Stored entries
-------

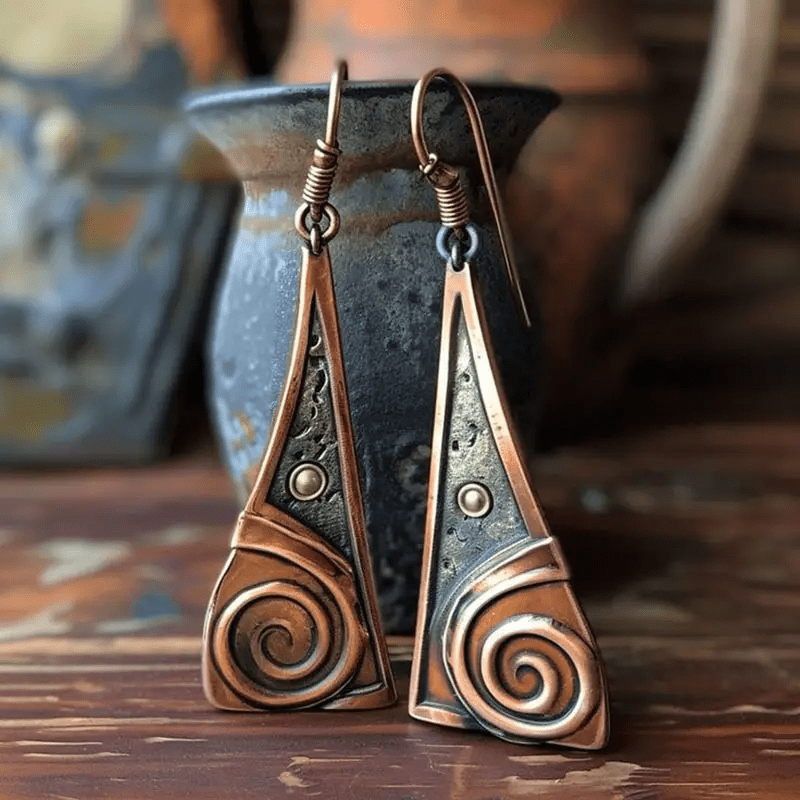 Aretes Remolino Tribal de Cobre
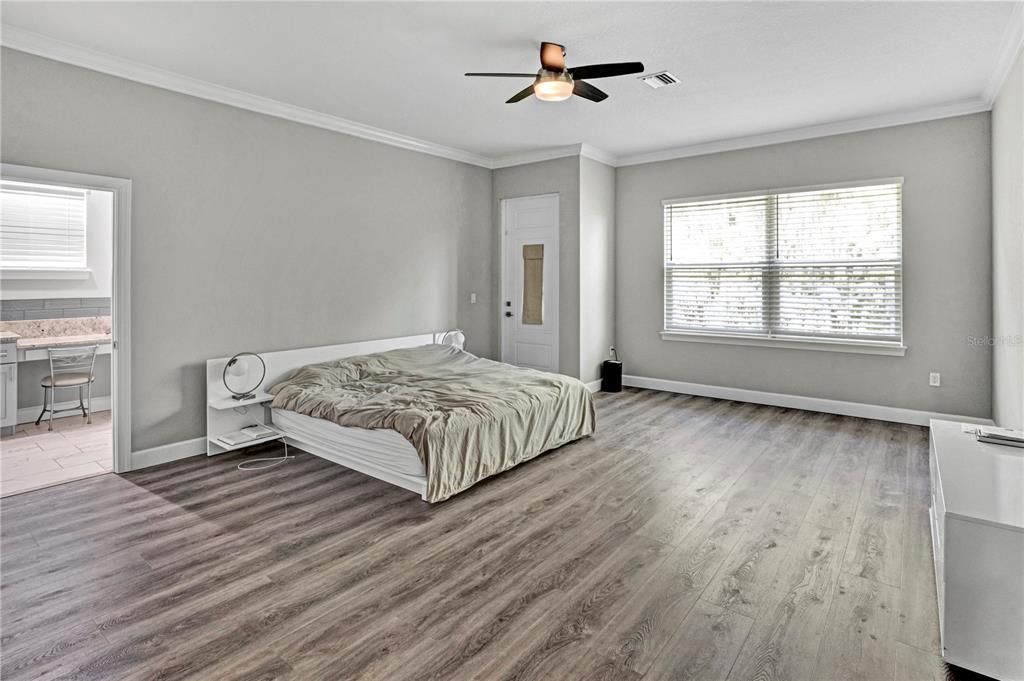 En Venta: $450,000 (3 camas, 2 baños, 2275 Pies cuadrados)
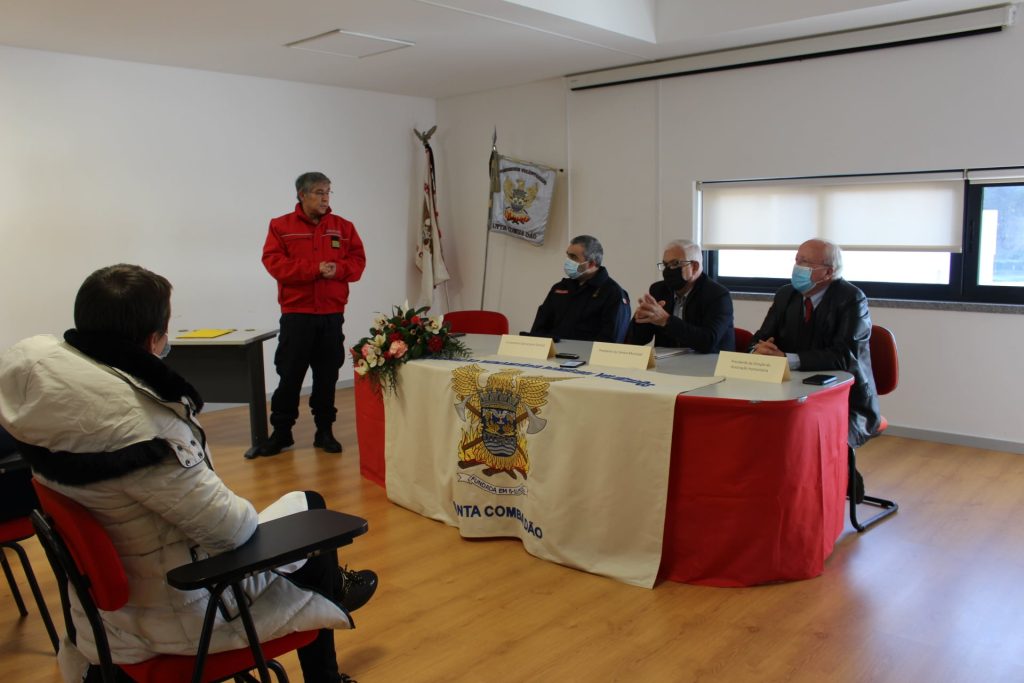  Bombeiros de Santa Comba Dão com nova equipa de intervenção permanente - Jornal do Centro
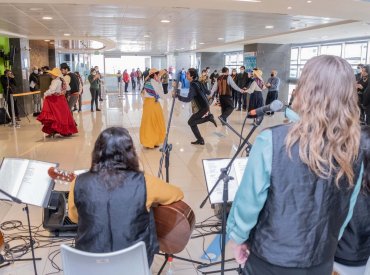 Fotos: Más música, más salud lleva el folclor al Hospital Gustavo Fricke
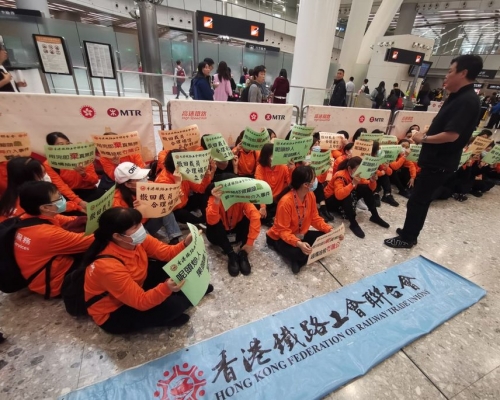 外判工早前靜坐站內抗議。資料圖片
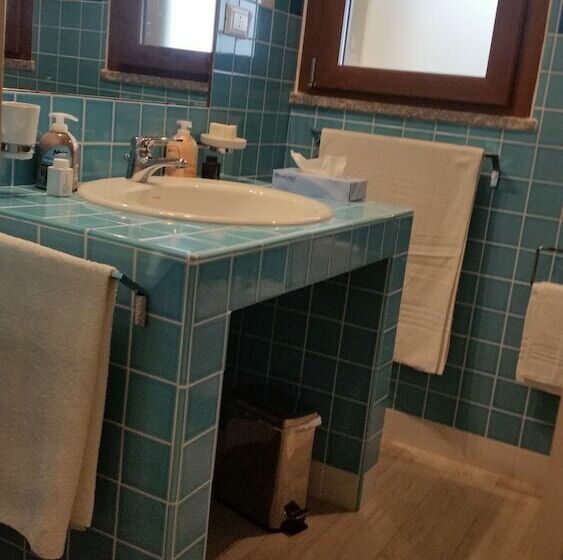 تختخواب و صبحانه Calacaterina Guest House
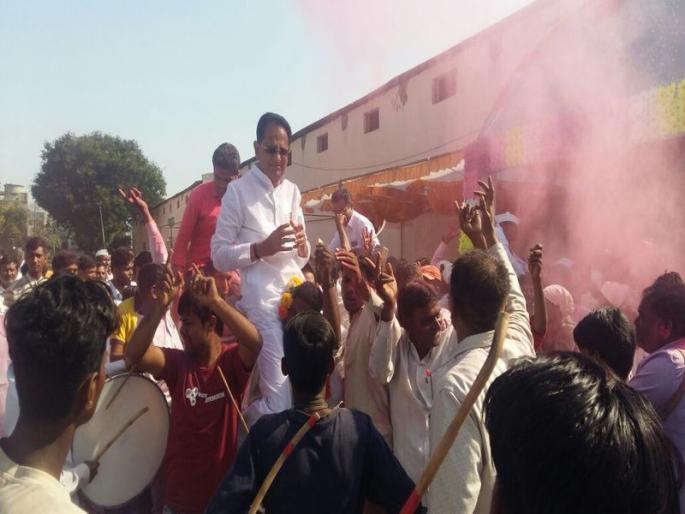 in parola shivsena and in bhusaval bjps victory | पारोळा शेतकरी संघावर शिवसेनेचे तर भुसावळात भाजपाचे वर्चस्व in parola shivsena and in bhusaval bjps victory | पारोळा शेतकरी संघावर शिवसेनेचे तर भुसावळात भाजपाचे वर्चस्व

-------

### ACTIVITY:
Copy exactly, leaving out pictures, the lines from the line containing "Bombeiros de Santa" through the last line of the records.

### ANSWER SECTION:
  Bombeiros de Santa Comba Dão com nova equipa de intervenção permanente - Jornal do Centro
 Fotos: Más música, más salud lleva el folclor al Hospital Gustavo Fricke
 外判工早前靜坐站內抗議。資料圖片
 تختخواب و صبحانه Calacaterina Guest House
 in parola shivsena and in bhusaval bjps victory | पारोळा शेतकरी संघावर शिवसेनेचे तर भुसावळात भाजपाचे वर्चस्व in parola shivsena and in bhusaval bjps victory | पारोळा शेतकरी संघावर शिवसेनेचे तर भुसावळात भाजपाचे वर्चस्व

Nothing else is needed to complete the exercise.